Error shown in systemctl status danted.service & journalctl -xe
steven#steven-VirtualBox:~$ systemctl status danted.service
● danted.service - LSB: SOCKS (v4 and v5) proxy daemon (danted)
Loaded: loaded (/etc/init.d/danted; bad; vendor preset: enabled)
Active: failed (Result: exit-code) since Sun 2019-03-10 18:12:42 IST; 2min 59s ago
Docs: man:systemd-sysv-generator(8)
Process: 3400 ExecStart=/etc/init.d/danted start (code=exited, status=1/FAILURE)
Mar 10 18:12:41 steven-VirtualBox systemd[1]: Starting LSB: SOCKS (v4 and v5) proxy daemon (danted)...
Mar 10 18:12:42 steven-VirtualBox danted[3405]: error: /etc/danted.conf: problem on line 11 near token "eth0": could not resolve hostname "eth0
Mar 10 18:12:42 steven-VirtualBox systemd[1]: danted.service: Control process exited, code=exited status=1
Mar 10 18:12:42 steven-VirtualBox danted[3400]: Starting Dante SOCKS daemon:
Mar 10 18:12:42 steven-VirtualBox systemd[1]: Failed to start LSB: SOCKS (v4 and v5) proxy daemon (danted).
Mar 10 18:12:42 steven-VirtualBox systemd[1]: danted.service: Unit entered failed state.
Mar 10 18:12:42 steven-VirtualBox systemd[1]: danted.service: Failed with result 'exit-code'.
steven#steven-VirtualBox:~$ journalctl -xe
-- The result is failed.
Mar 10 18:11:40 steven-VirtualBox systemd[1]: danted.service: Unit entered failed state.
Mar 10 18:11:40 steven-VirtualBox systemd[1]: danted.service: Failed with result 'exit-code'.
Mar 10 18:12:40 steven-VirtualBox sudo[3397]: steven : TTY=pts/18 ; PWD=/home/steven ; USER=root ; COMMAND=/bin/systemctl restart danted
Mar 10 18:12:41 steven-VirtualBox sudo[3397]: pam_unix(sudo:session): session opened for user root by (uid=0)

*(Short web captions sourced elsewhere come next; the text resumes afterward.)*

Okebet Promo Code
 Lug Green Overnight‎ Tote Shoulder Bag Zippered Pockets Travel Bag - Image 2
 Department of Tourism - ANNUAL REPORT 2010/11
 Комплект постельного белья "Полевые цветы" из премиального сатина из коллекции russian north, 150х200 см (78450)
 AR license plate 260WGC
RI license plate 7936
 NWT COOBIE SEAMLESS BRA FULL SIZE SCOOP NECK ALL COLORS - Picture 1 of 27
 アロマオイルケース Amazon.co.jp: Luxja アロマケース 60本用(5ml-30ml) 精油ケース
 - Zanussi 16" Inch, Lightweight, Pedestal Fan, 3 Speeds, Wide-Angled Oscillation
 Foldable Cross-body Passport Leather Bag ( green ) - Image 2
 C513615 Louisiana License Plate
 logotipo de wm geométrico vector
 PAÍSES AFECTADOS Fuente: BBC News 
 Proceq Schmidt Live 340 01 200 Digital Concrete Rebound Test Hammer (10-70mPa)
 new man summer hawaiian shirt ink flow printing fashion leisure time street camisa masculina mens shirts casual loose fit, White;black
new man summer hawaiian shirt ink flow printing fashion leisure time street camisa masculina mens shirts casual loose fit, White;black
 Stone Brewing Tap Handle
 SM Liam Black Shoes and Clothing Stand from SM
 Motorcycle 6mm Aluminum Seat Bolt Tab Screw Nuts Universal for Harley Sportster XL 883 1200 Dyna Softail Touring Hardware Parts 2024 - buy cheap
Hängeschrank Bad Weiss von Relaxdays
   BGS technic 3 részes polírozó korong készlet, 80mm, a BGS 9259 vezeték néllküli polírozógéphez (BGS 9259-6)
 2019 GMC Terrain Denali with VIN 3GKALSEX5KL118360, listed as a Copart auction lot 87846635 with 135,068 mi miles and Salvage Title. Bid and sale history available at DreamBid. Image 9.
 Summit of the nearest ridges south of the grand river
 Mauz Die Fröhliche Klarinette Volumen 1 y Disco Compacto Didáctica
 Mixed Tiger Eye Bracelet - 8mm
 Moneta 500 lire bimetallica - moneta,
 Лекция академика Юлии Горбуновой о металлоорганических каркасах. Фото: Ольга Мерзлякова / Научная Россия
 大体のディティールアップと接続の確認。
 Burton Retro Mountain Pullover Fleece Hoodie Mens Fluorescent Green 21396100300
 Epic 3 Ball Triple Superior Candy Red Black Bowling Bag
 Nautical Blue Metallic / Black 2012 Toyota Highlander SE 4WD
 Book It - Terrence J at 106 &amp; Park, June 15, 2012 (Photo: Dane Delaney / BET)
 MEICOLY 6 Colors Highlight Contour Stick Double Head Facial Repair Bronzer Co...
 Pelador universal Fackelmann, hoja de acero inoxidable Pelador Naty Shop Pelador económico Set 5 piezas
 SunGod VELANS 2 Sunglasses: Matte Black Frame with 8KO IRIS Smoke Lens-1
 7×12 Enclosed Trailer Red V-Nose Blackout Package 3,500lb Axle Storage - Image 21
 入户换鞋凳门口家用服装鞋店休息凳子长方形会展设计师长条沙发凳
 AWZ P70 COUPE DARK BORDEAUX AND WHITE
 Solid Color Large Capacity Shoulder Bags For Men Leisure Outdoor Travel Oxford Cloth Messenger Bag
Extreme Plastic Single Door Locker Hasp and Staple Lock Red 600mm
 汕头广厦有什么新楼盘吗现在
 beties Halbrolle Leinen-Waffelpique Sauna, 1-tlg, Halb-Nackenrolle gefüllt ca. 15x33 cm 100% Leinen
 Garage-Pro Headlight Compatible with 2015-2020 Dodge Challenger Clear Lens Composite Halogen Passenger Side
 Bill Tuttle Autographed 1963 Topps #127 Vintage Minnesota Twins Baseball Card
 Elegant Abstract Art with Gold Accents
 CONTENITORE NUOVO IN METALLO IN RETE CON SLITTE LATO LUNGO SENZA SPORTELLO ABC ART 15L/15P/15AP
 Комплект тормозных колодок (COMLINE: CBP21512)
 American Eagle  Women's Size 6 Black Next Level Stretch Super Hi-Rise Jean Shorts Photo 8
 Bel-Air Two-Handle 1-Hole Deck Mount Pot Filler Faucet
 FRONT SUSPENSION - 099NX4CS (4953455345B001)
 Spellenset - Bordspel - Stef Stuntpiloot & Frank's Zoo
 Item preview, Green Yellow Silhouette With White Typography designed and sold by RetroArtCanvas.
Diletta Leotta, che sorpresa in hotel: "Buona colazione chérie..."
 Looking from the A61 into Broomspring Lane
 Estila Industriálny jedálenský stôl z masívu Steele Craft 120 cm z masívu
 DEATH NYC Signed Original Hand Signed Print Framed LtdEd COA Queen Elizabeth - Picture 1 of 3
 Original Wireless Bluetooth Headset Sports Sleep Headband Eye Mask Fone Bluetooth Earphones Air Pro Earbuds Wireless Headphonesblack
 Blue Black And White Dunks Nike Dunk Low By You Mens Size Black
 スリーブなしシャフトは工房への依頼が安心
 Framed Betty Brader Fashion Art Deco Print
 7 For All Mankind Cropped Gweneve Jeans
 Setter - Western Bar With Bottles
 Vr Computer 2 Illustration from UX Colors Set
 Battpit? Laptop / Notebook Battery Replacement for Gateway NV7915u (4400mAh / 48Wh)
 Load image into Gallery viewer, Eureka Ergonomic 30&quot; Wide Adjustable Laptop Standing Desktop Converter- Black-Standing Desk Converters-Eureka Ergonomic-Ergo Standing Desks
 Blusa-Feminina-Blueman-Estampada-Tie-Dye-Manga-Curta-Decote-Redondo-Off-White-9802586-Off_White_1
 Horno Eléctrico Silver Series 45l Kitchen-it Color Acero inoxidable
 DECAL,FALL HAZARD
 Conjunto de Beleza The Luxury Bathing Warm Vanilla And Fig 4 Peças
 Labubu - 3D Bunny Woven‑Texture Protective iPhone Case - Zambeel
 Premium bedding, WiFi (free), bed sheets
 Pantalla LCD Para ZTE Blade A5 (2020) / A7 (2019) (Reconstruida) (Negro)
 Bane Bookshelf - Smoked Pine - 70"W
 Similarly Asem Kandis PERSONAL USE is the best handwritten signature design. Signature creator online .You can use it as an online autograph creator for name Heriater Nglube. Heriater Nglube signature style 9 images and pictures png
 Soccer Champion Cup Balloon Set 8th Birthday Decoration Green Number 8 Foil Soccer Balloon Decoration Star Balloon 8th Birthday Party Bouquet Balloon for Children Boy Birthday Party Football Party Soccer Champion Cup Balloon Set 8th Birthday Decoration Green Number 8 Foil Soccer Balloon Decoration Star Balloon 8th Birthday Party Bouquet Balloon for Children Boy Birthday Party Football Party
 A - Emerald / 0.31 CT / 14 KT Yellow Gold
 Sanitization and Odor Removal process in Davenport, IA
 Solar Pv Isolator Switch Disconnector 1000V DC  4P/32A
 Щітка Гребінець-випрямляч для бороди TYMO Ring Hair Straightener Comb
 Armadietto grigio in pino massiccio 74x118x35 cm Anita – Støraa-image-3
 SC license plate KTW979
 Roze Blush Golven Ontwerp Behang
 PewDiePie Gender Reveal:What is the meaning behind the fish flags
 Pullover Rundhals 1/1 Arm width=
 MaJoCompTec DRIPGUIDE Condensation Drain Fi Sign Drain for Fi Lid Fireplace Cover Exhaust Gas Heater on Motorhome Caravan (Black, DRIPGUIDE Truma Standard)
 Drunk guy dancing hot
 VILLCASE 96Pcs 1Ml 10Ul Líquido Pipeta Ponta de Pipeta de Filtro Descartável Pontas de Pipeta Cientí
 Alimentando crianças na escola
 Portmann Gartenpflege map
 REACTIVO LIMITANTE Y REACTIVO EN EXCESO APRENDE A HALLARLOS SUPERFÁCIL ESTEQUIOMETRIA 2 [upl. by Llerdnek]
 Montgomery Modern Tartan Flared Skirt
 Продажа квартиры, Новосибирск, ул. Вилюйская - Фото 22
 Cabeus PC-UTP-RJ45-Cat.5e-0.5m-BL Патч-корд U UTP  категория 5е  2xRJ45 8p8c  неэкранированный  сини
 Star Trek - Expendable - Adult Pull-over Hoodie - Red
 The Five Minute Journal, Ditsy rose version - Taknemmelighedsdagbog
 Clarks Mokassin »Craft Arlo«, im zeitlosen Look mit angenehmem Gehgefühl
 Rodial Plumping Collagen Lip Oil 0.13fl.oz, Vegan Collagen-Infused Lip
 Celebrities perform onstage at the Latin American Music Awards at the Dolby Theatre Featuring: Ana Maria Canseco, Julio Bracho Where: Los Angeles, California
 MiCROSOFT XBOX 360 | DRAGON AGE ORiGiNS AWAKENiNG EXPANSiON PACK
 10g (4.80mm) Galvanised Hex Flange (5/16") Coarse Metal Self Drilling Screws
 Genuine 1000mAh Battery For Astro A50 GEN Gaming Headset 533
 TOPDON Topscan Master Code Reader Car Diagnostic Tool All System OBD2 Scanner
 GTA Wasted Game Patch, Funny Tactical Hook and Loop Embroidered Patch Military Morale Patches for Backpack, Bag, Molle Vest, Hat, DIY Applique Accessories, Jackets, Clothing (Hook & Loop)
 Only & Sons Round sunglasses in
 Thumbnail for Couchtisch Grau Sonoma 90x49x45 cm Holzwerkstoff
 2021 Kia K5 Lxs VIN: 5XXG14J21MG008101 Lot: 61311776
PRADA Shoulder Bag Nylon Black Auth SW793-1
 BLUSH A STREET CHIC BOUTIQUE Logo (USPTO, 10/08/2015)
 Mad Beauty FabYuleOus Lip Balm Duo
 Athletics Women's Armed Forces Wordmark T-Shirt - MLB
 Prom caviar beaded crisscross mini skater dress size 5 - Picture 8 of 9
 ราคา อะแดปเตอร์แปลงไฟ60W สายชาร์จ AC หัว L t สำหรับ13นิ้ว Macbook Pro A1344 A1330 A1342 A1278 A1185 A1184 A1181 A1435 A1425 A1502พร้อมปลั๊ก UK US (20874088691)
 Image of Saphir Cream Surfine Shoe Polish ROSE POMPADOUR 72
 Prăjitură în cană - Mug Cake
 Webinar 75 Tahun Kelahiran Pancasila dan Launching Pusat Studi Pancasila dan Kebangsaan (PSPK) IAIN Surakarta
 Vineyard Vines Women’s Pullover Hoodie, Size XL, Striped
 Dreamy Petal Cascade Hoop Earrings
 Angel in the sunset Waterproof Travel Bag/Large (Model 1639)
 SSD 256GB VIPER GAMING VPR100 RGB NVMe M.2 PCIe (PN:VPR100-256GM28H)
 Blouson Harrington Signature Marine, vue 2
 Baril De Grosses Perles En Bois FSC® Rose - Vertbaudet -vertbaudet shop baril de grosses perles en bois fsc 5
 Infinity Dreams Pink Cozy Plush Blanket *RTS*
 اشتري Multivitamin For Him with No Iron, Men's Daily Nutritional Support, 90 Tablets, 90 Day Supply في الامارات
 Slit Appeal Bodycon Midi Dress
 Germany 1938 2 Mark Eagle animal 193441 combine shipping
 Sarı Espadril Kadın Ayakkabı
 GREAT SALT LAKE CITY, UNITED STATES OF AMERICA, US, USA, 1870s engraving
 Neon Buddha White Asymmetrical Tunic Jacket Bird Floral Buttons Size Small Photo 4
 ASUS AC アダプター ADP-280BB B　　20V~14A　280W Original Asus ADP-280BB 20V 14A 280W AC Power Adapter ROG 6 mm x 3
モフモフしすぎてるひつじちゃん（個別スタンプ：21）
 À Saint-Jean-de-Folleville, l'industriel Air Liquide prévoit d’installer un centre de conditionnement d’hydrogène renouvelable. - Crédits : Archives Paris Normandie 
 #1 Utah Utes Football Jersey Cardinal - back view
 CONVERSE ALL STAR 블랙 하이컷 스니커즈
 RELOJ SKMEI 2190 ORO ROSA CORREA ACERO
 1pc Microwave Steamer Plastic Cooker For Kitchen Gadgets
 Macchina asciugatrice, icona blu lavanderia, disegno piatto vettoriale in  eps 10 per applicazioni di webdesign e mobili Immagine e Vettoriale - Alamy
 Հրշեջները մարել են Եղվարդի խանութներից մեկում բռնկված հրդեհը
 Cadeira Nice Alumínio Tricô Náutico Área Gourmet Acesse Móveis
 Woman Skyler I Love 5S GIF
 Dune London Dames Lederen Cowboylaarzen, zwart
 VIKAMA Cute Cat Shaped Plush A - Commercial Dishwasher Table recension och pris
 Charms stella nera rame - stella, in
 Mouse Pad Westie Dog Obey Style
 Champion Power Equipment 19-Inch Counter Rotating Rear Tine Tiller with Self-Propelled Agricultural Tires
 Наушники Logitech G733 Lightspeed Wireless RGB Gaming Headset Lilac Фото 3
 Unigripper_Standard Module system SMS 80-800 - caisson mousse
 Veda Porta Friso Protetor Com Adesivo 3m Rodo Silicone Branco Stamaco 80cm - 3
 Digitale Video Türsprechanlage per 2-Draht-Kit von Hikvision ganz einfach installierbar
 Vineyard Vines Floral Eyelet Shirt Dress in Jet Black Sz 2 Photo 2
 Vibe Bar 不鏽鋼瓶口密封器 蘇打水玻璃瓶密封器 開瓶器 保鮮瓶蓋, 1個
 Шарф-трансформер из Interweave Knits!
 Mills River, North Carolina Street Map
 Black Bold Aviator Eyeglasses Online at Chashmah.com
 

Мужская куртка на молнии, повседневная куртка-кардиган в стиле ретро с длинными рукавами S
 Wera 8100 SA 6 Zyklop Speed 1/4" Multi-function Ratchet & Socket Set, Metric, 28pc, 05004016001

Mar 10 18:12:41 steven-VirtualBox systemd[1]: Stopped LSB: SOCKS (v4 and v5) proxy daemon (danted).
-- Subject: Unit danted.service has finished shutting down
-- Defined-By: systemd
-- Support: http://lists.freedesktop.org/mailman/listinfo/systemd-devel
--
-- Unit danted.service has finished shutting down.
Mar 10 18:12:41 steven-VirtualBox systemd[1]: Starting LSB: SOCKS (v4 and v5) proxy daemon (danted)...
-- Subject: Unit danted.service has begun start-up
-- Defined-By: systemd
-- Support: http://lists.freedesktop.org/mailman/listinfo/systemd-devel
--
-- Unit danted.service has begun starting up.
Mar 10 18:12:42 steven-VirtualBox danted[3405]: error: /etc/danted.conf: problem on line 11 near token "eth0": could not resolve hostname "eth0
Mar 10 18:12:42 steven-VirtualBox danted[3405]: alert: mother[1/1]: shutting down
Mar 10 18:12:42 steven-VirtualBox systemd[1]: danted.service: Control process exited, code=exited status=1
Mar 10 18:12:42 steven-VirtualBox danted[3400]: Starting Dante SOCKS daemon:
Mar 10 18:12:42 steven-VirtualBox sudo[3397]: pam_unix(sudo:session): session closed for user root
Mar 10 18:12:42 steven-VirtualBox systemd[1]: Failed to start LSB: SOCKS (v4 and v5) proxy daemon (danted).
-- Subject: Unit danted.service has failed
-- Defined-By: systemd
-- Support: http://lists.freedesktop.org/mailman/listinfo/systemd-devel
--
-- Unit danted.service has failed.
--
-- The result is failed.
Mar 10 18:12:42 steven-VirtualBox systemd[1]: danted.service: Unit entered failed state.
Mar 10 18:12:42 steven-VirtualBox systemd[1]: danted.service: Failed with result 'exit-code'.
Mar 10 18:12:50 steven-VirtualBox sudo[3407]: steven : TTY=pts/18 ; PWD=/home/steven ; USER=root ; COMMAND=/bin/systemctl status danted
Mar 10 18:12:50 steven-VirtualBox sudo[3407]: pam_unix(sudo:session): session opened for user root by (uid=0)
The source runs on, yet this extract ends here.